There’s only one true blue flower, in my humble opinion, and that’s Heavenly Blue Morning Glories. The flowers are so delicate and so vibrantly blue and I make sure that they are somewhere in my garden every year. This was a strange year in the garden and I thought I wasn’t going to have any. Late in May the little Morning Glory plants were interplanted with the Pole Beans as I have done for many years. This year the trellis was moved to a new location that was front and centre in the front yard to give me that vertical element that the garden needed. After I put up the little fence to deter the Rabbits, that seemed to like those little plants, the beans took off and provided us with many meals. I became resigned to the absence of Morning Glories and then after the beans had quit producing in early September the Morning Glories suddenly appeared as if from nowhere. As the very warm autumn continued they just got more and more glorious. This picture was taken on 21 October when these delights are usually long gone and they are still blooming today on the 28th. It looks like we will have Morning Glories in November. What a delight!
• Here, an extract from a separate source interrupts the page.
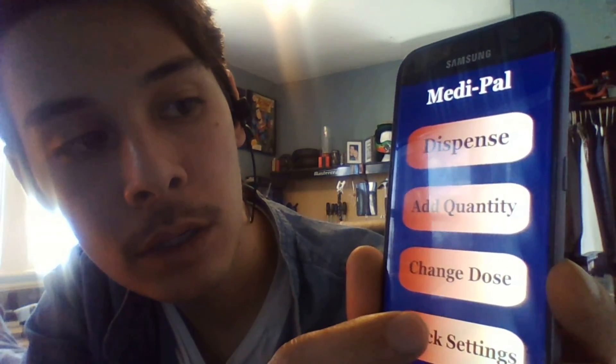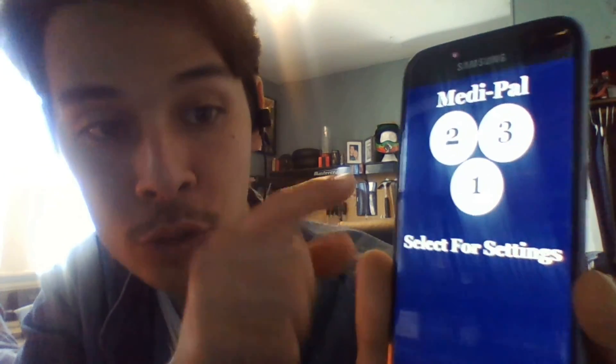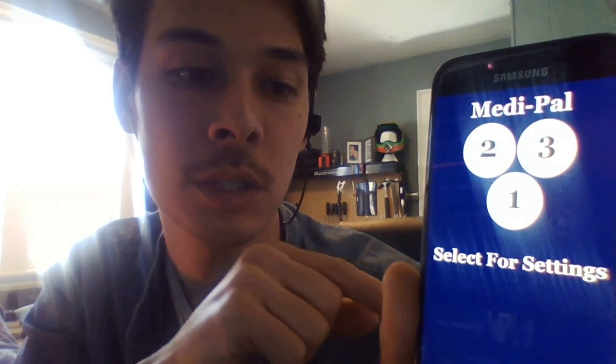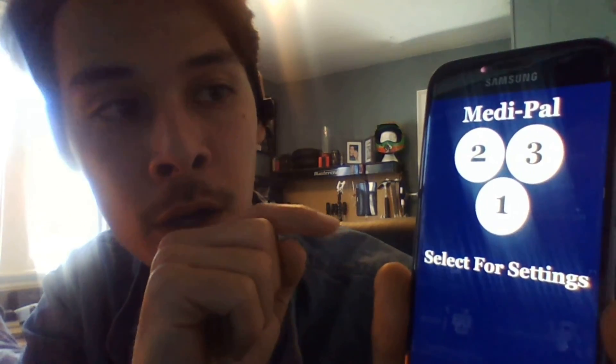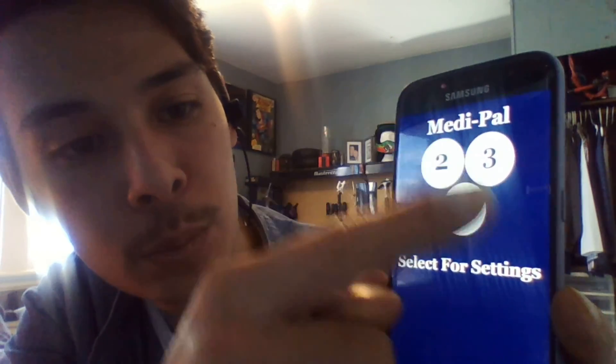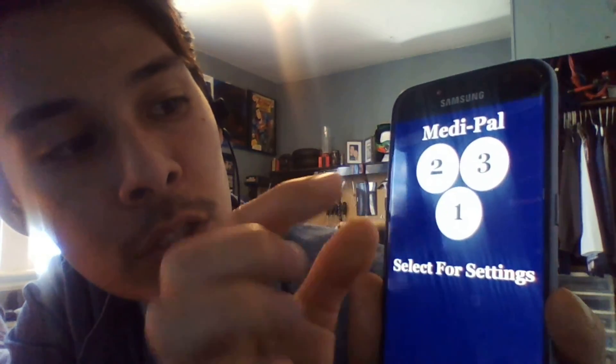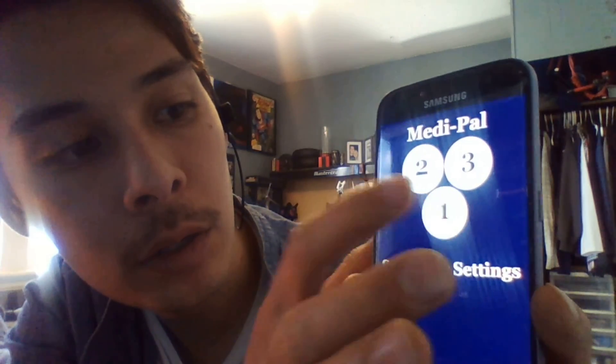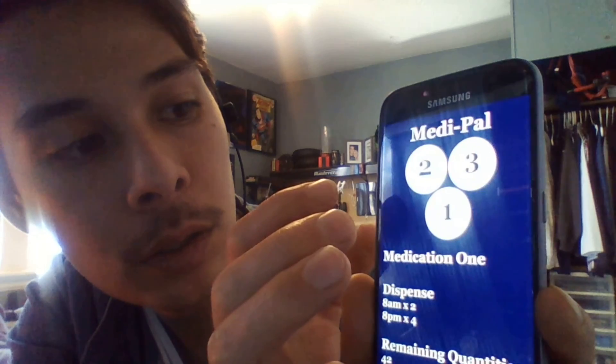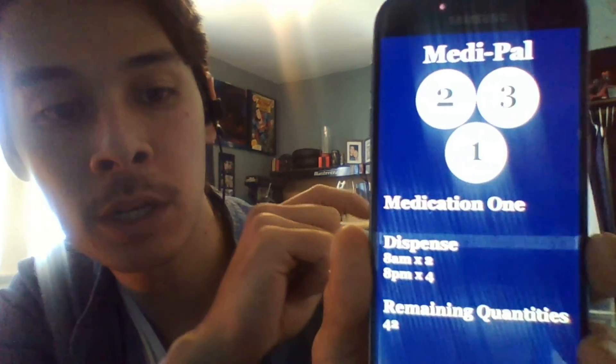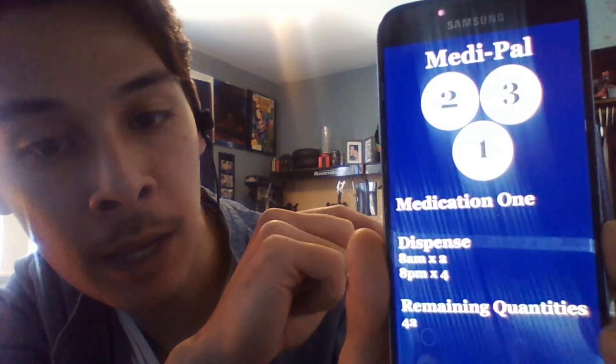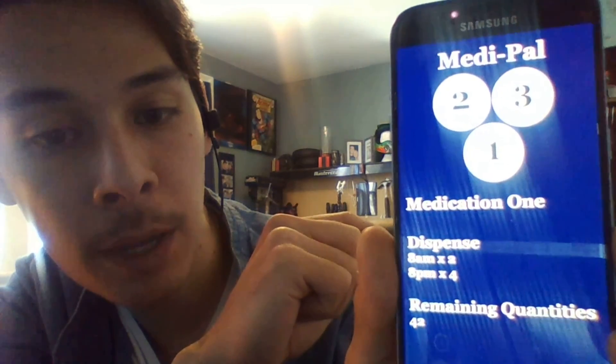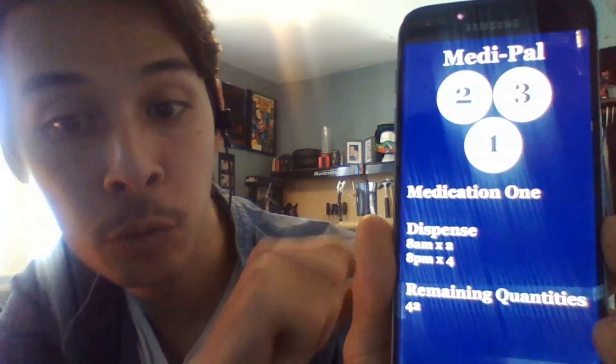Once you're in here, you can see all three of your motors or your medical containers displayed by layout. Let's check medication one. Now on medication one, it shows that it's dispensing two pills at 8 a.m. or 8 p.m., and there is a remaining quantity of 42.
This has truly been my best year ever for producing a fall vegetable crop. Partly due to my getting the seeds started on time and then planted out by the first of September, followed by the warmest fall weather we have seen in many years. They are all planted in the sub irrigation containers and they have flourished. This is the second cauliflower to mature. We ate the other one last night. Wrapped in aluminum foil with some chopped Garlic and enough butter, that package sits on the upper shelf of the Barbeque for about 30 minutes and the result is heavenly. The plants grew quite large with lots of inner leaves so there was no need to tie them up to keep the sun away from the curds and as you can see they are a brilliant white. Tonight maybe steamed with a little Cheese sauce made with a nice sharp cheddar. Tomorrow the smaller bits into a stir fry with the Pak Choi and Napa Cabbage that are also producing well. November in a couple of days and we are still eating a wide variety of vegetables from our little garden. I may not have to go to the produce section of the grocery store until Christmas.

The big garden rebuild continues unabated. This is one of the large, and getting larger, perennial beds in the front yard. Many things have disappeared and many more have been relocated from the, now gone, beds in the back. I’m compensating for the slightly larger size of these beds by running some narrow paths through the beds so that I can more easily get into their interior to weed and adjust. Much deliberation ensued over the material for those paths but as you can see we wound up with the plain hardwood chips that you would find in a playground. They aren’t as permanent as stone or gravel and that is, at the same time, a good and a bad thing but mostly good. The little red truck is parked there because it brought in the ½ yard of chips from the nearby landscape supply yard. The path was excavated about 10 cm (4") and then filled with those chips. It makes an obvious path and it is easy to walk on. We did visit the local garden centre and take advantage of the season end 50% off sale to acquire a few new perennials to replace some of the ones we ripped out. You can see the newly planted perennial Hibiscus in the centre of the picture. The bed needed some late season colour and interest. There are now only the new bulbs to plant and that restoration will be completed. The other large bed on the opposite side of the yard is also nearly completed. Much hard work this autumn that is designed to make much less work in the years to come.

Now it’s time to answer a few of my reader’s questions. To ask a question just “reply” to this ezine. Don’t forget to check the front page of the Website for frequent short ideas for current gardening activities.

Joan Asks? Love your newsletters! You are coming to speak at our Peterborough Master Gardener group in 2018. In regards to the developing begonia seed pod, when can it be pinched out the plant? Does the pod need to reach a certain stage?

Ken Answers! I watch for the little stem behind the pod to turn brown and then remove the pod and take it inside to dry. You can just let the pod dry and turn brown on the plant but you risk it opening and the seed dispersing.

Gord Asks? I have always just taken a couple of handfuls of leaves off of my sage plants. I see that you are recommending cutting the plant back to the ground. Do you leave any of the stem?

Ken Answers! I'm not particularly fastidious about how low I cut them. They will regrow from the ground and most years from wherever you cut them to. If you cut them quite tall then you can wind up with a rather tall and rangy plant next year.